INFORMATION SHOWN:
★ ★ ★ ★ ★ ★ ★

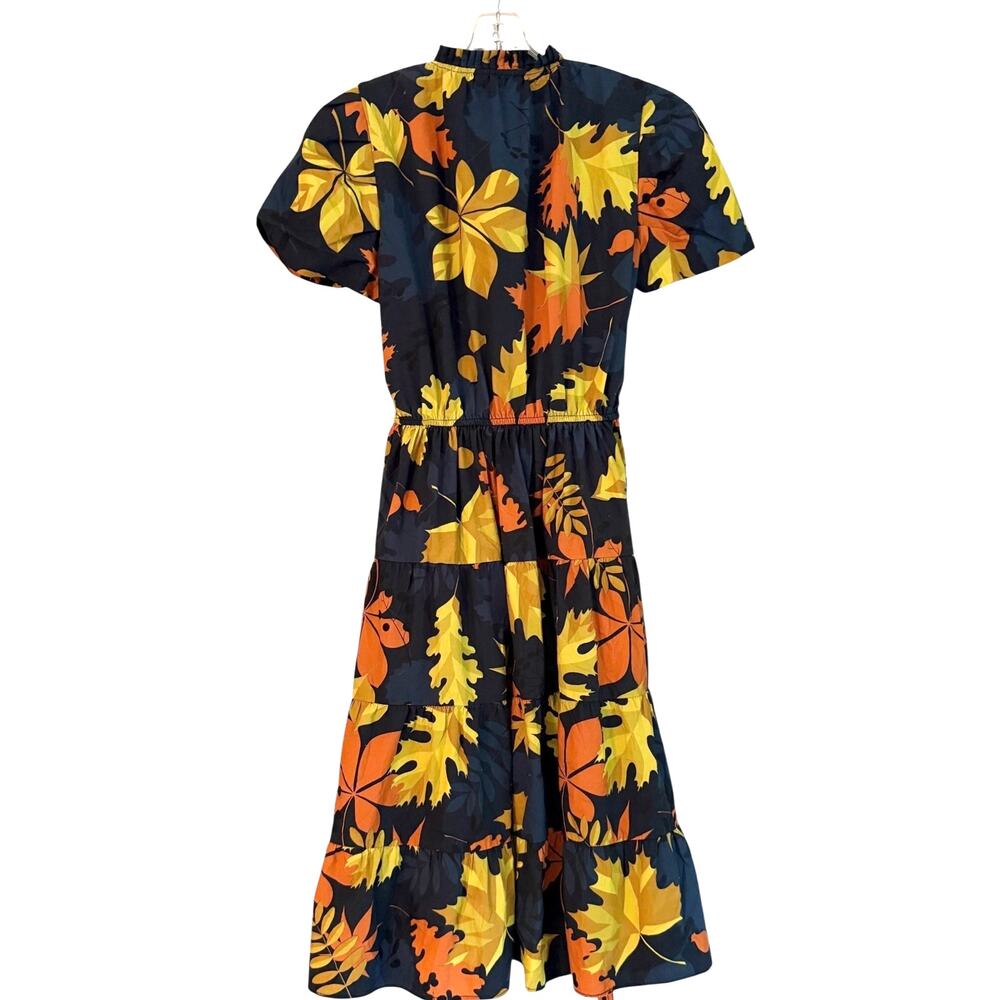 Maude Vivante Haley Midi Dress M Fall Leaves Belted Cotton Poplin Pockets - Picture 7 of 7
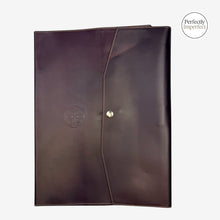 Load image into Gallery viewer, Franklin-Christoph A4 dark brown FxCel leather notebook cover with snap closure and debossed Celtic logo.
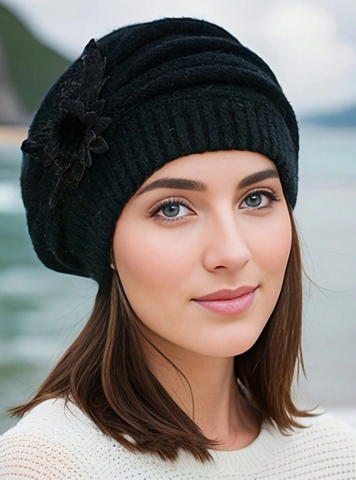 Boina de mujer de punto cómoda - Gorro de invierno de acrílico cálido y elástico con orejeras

★ ★ ★ ★ ★ ★ ★

WHAT YOU WILL DO: Would you print the material exactly once more, without any of its pictures?

EXERCISE ANSWER:
 Maude Vivante Haley Midi Dress M Fall Leaves Belted Cotton Poplin Pockets - Picture 7 of 7
 Load image into Gallery viewer, Franklin-Christoph A4 dark brown FxCel leather notebook cover with snap closure and debossed Celtic logo.
 Boina de mujer de punto cómoda - Gorro de invierno de acrílico cálido y elástico con orejeras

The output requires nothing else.